(Items listed in a dataset)
__________

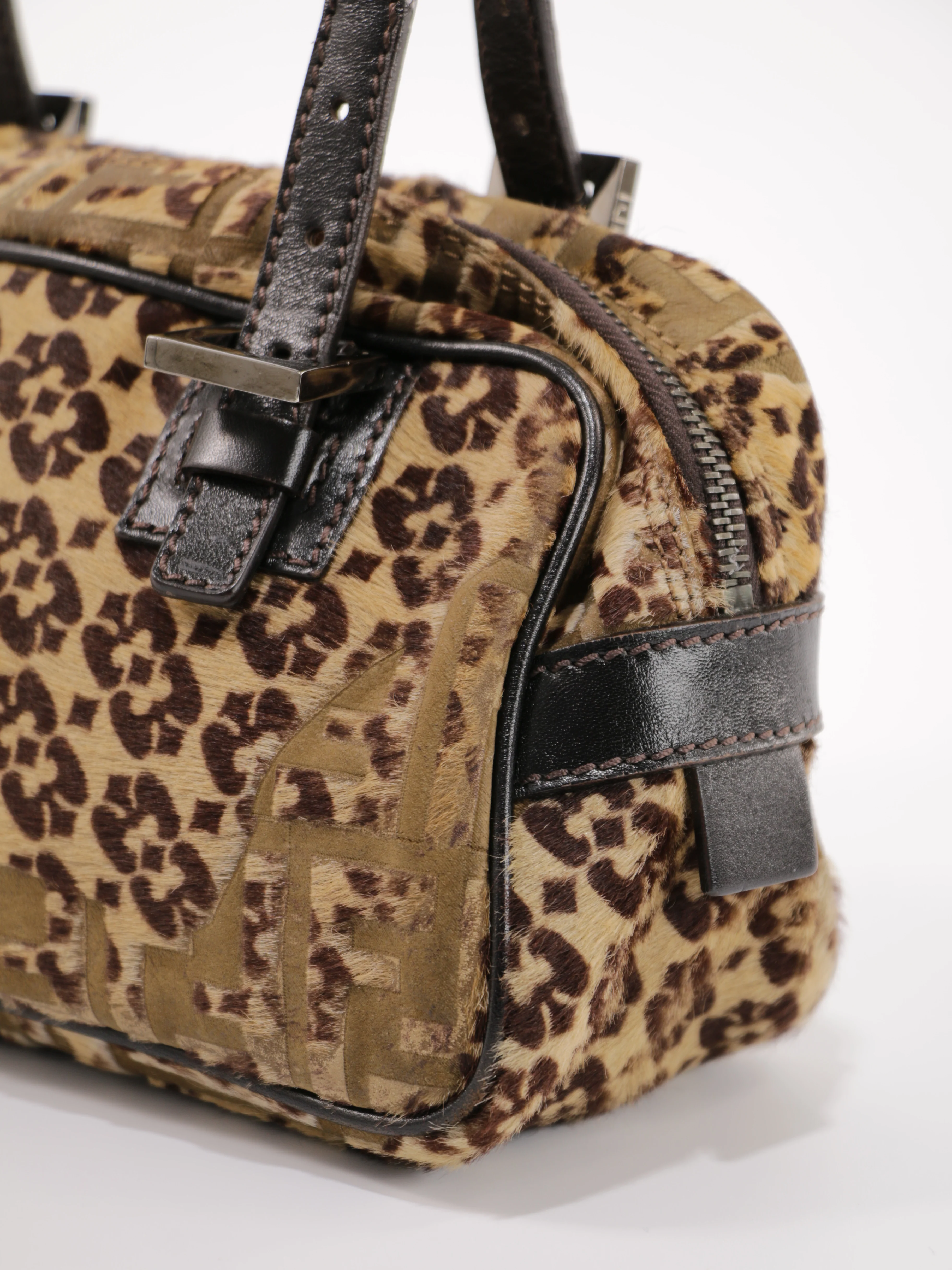 Shoulder Bag - Image 8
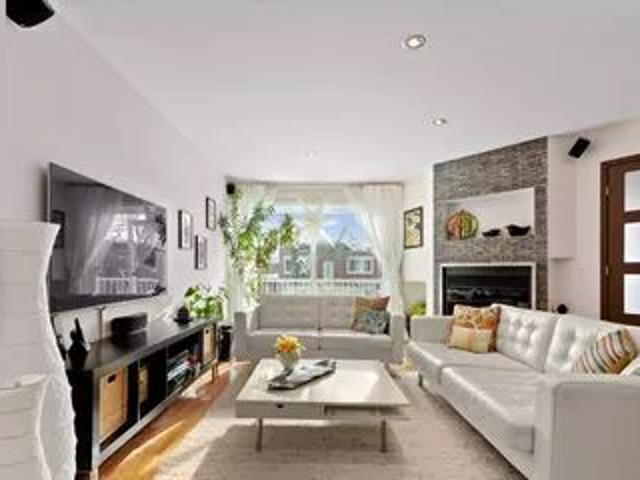 Apartment for rent in St. Leonard's, Quebec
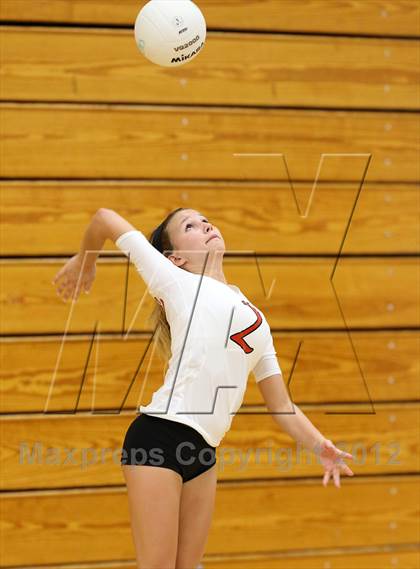 Thumbnail 1 in Eaton vs Mountain Vista (Eaglecrest Invitational) photogallery.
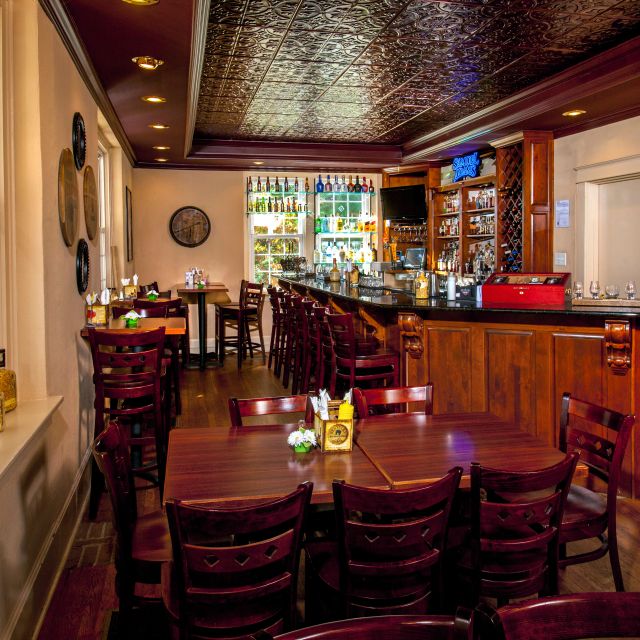 Addie's at the Woodford Inn Updated 2024, Southern American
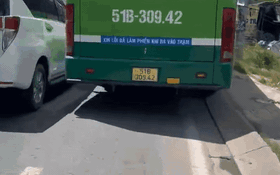 Đình chỉ tài xế xe buýt chạy nửa xe trên vỉa hè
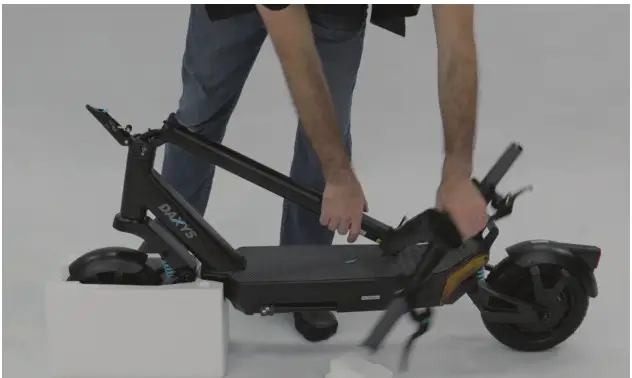 DAXYS Bandicoot Electric Kickscooter - Assembly Instructions 4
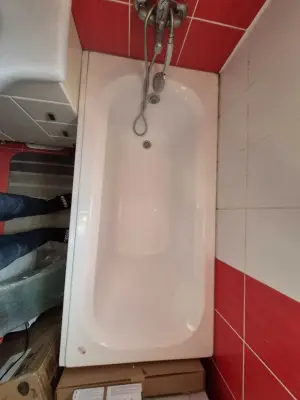 Donez cada acrilica Rasnov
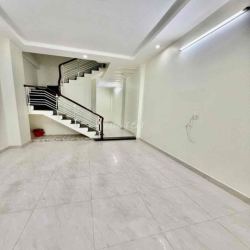 Cho Thuê Nhà Rẻ Ngay Ngã Tư Ga DT 110m2 1Trệt 1Lầu 2Pn 2Wc Gần Cầu Đồg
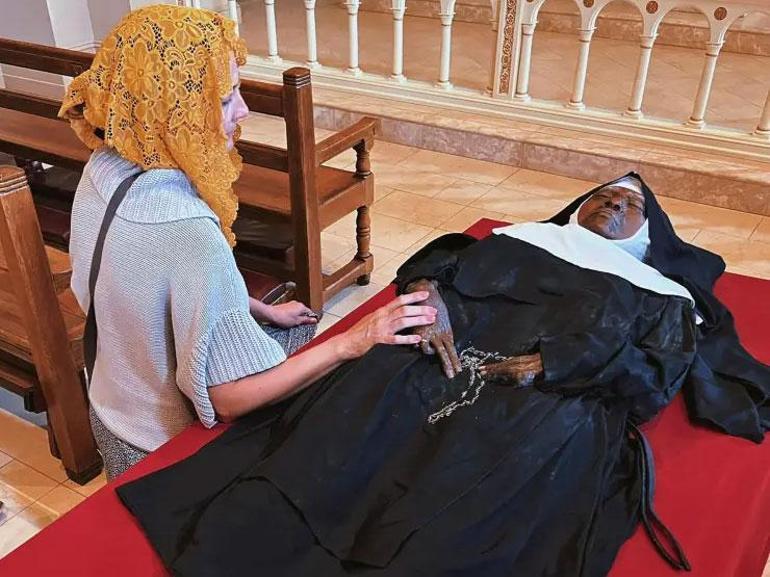 Rahibe 4 yıl sonra mezarından çıkarıldı Görenler mucize diyor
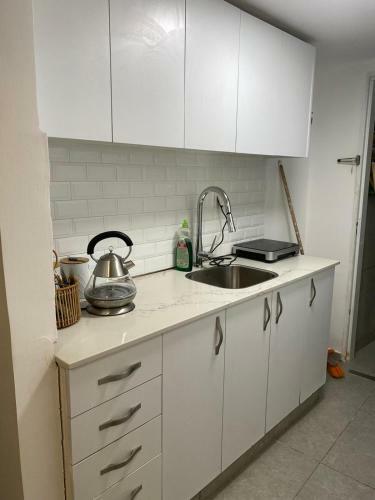Praia Apartments - Saharon
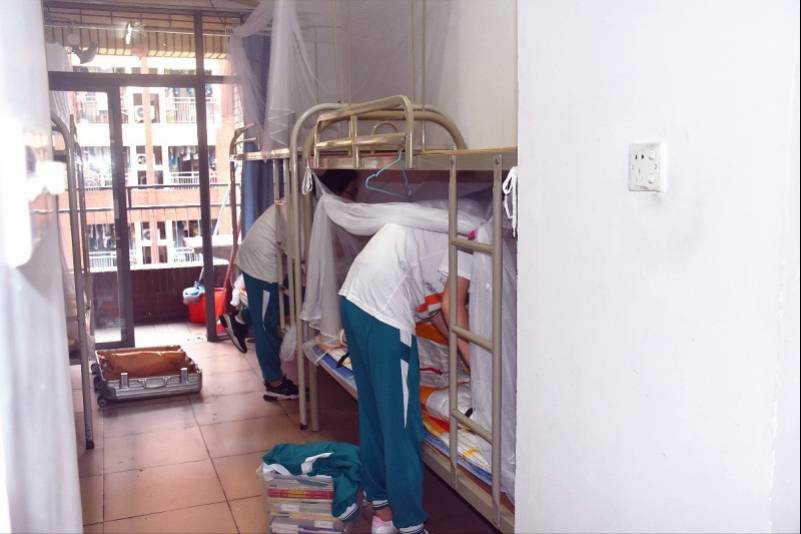 离校|高考结束了，这些高三学生集体回到学校做最后一件事……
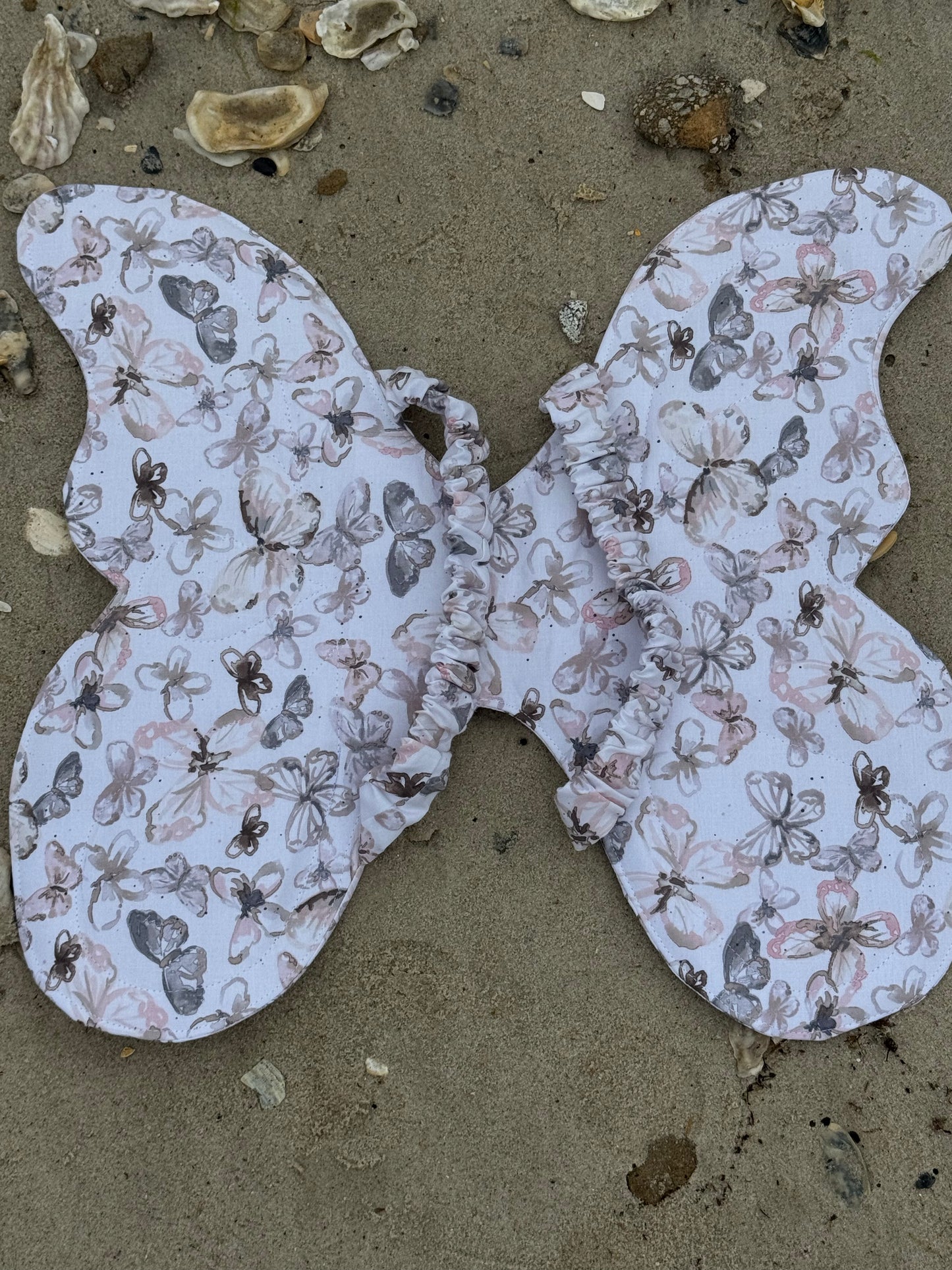Child’s Butterfly Wings – Soft Dress-Up Costume with Comfortable Elastic Straps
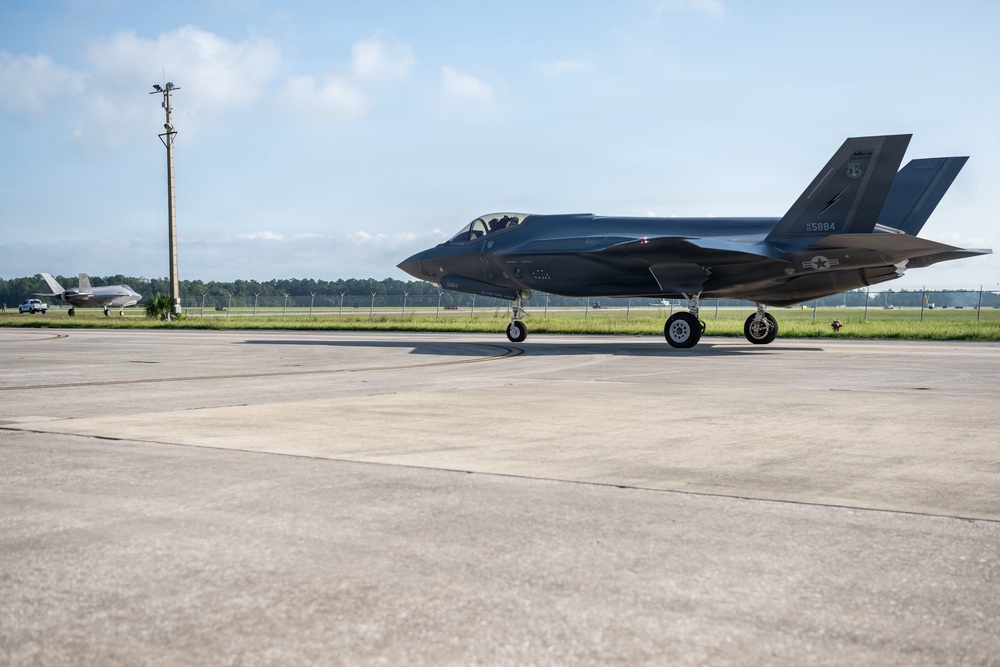 125 FW crewchiefs prep F-35s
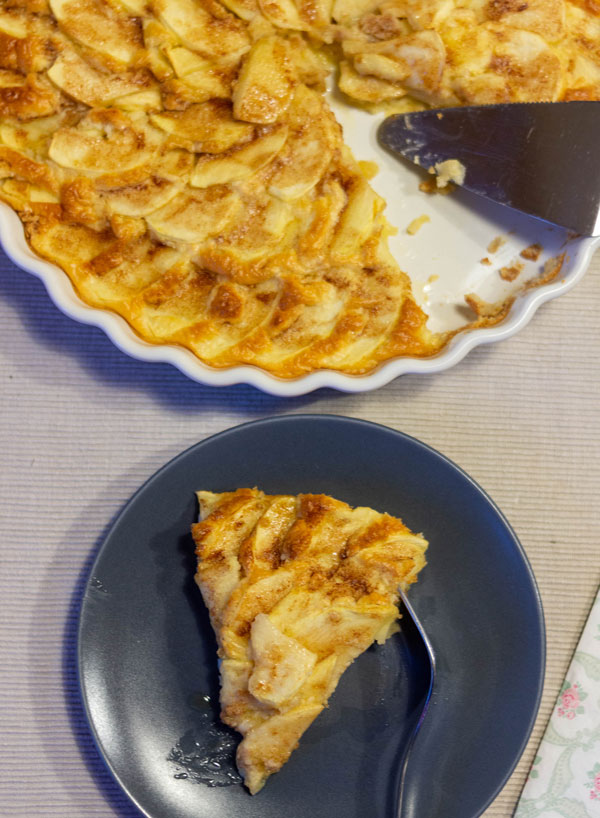 Apfelpfannkuchen aus dem Ofen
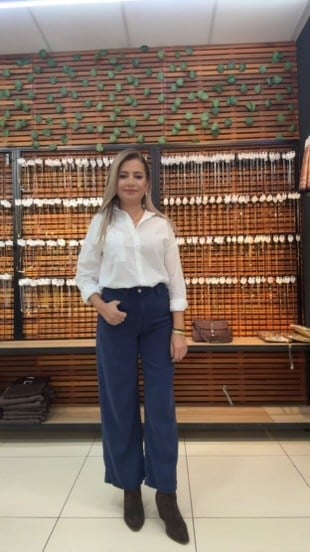 MAVİ KALPLİ BEYAZ GÖMLEK
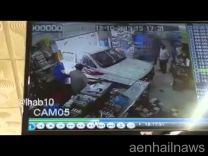 بالفيديو _ بحائل سيارة تقتحم محل تجاري وتصطدم بطفل وإمراه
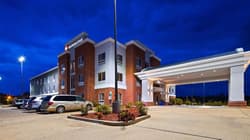 Best Western Plus Philadelphia-Choctaw Hotel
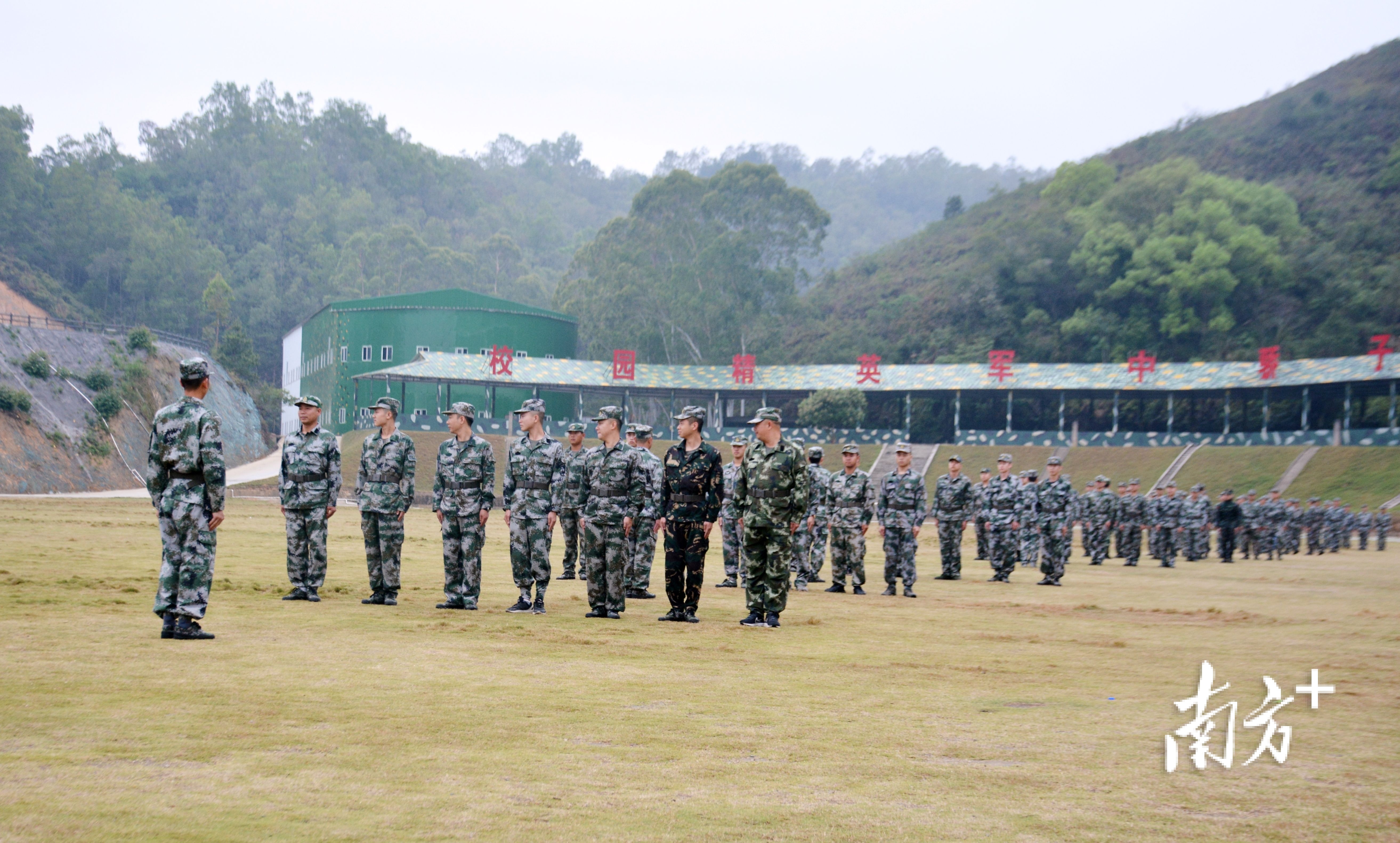 据介绍,此次集训以《民兵军事训练大纲》为指导,着眼军分区,人武部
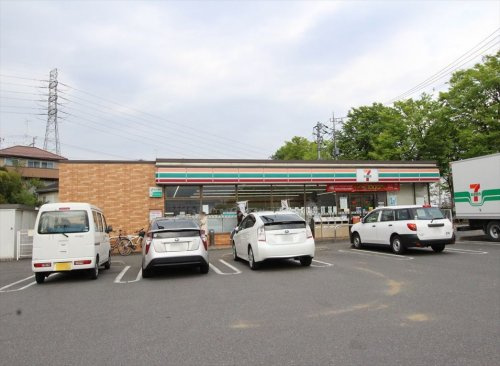 【コンビニエンスストア】セブンイレブン　富士見市岡ノ坂店まで300ｍ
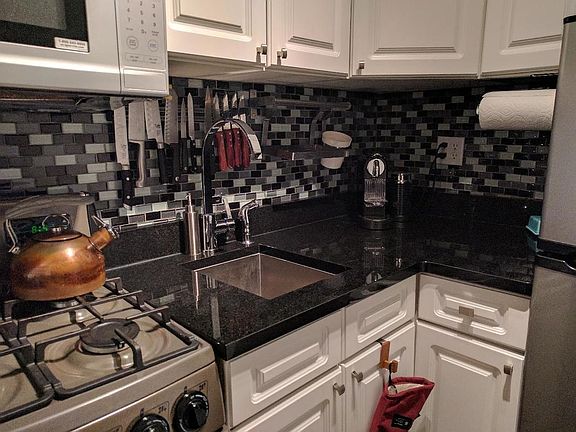 5th image of 240 E 35th St APT 9E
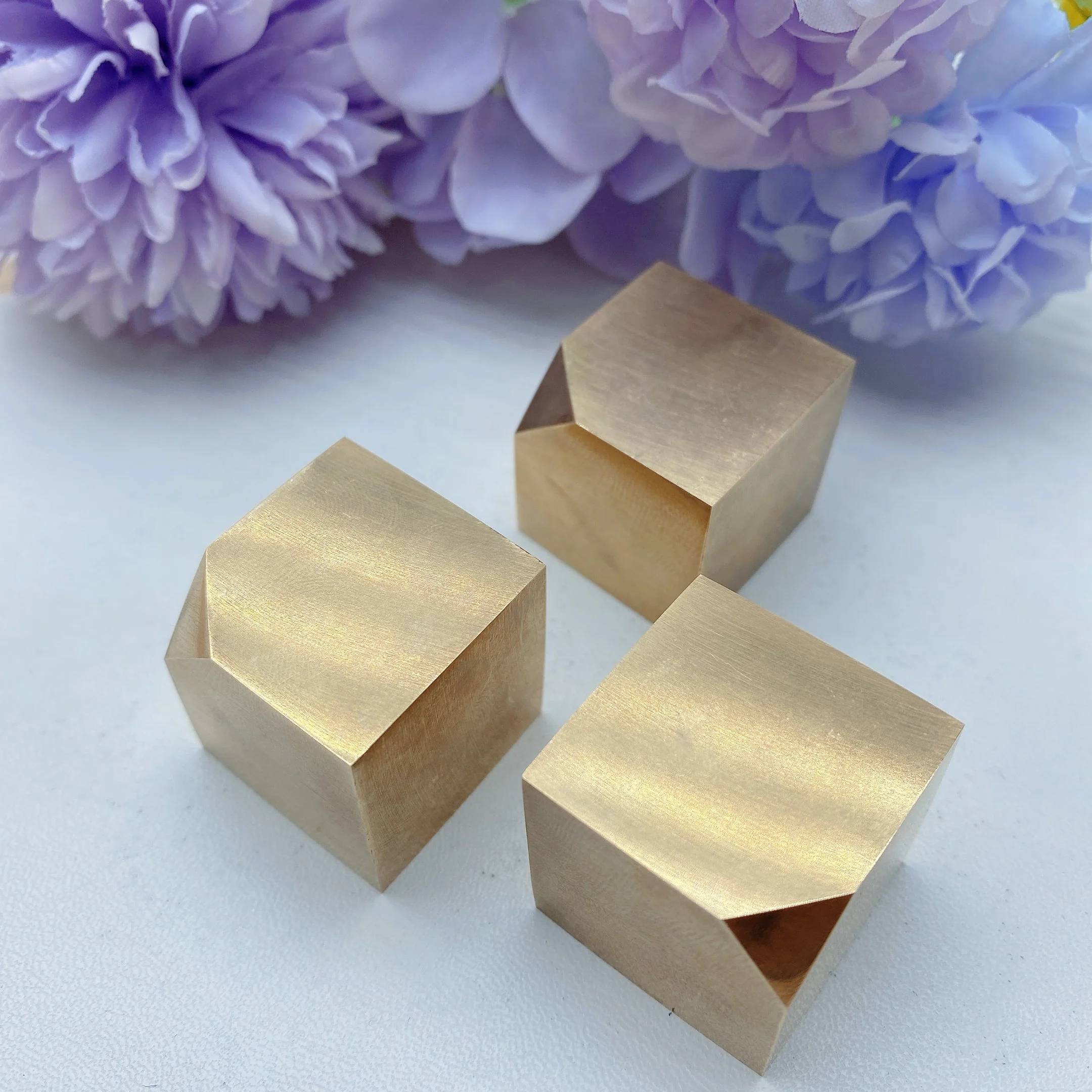 25mm Pyrite Crystal Cube for Healing & Energy Balance - Image 4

__________

*WORK REQUIRED*
Only the lines from the one containing "Rahibe 4 yıl" through the last line of the records above should be repeated, exactly and without pictures.

*SOLUTION*
 Rahibe 4 yıl sonra mezarından çıkarıldı Görenler mucize diyor
Praia Apartments - Saharon
 离校|高考结束了，这些高三学生集体回到学校做最后一件事……
Child’s Butterfly Wings – Soft Dress-Up Costume with Comfortable Elastic Straps
 125 FW crewchiefs prep F-35s
 Apfelpfannkuchen aus dem Ofen
 MAVİ KALPLİ BEYAZ GÖMLEK
 بالفيديو _ بحائل سيارة تقتحم محل تجاري وتصطدم بطفل وإمراه
 Best Western Plus Philadelphia-Choctaw Hotel
 据介绍,此次集训以《民兵军事训练大纲》为指导,着眼军分区,人武部
 【コンビニエンスストア】セブンイレブン　富士見市岡ノ坂店まで300ｍ
 5th image of 240 E 35th St APT 9E
 25mm Pyrite Crystal Cube for Healing & Energy Balance - Image 4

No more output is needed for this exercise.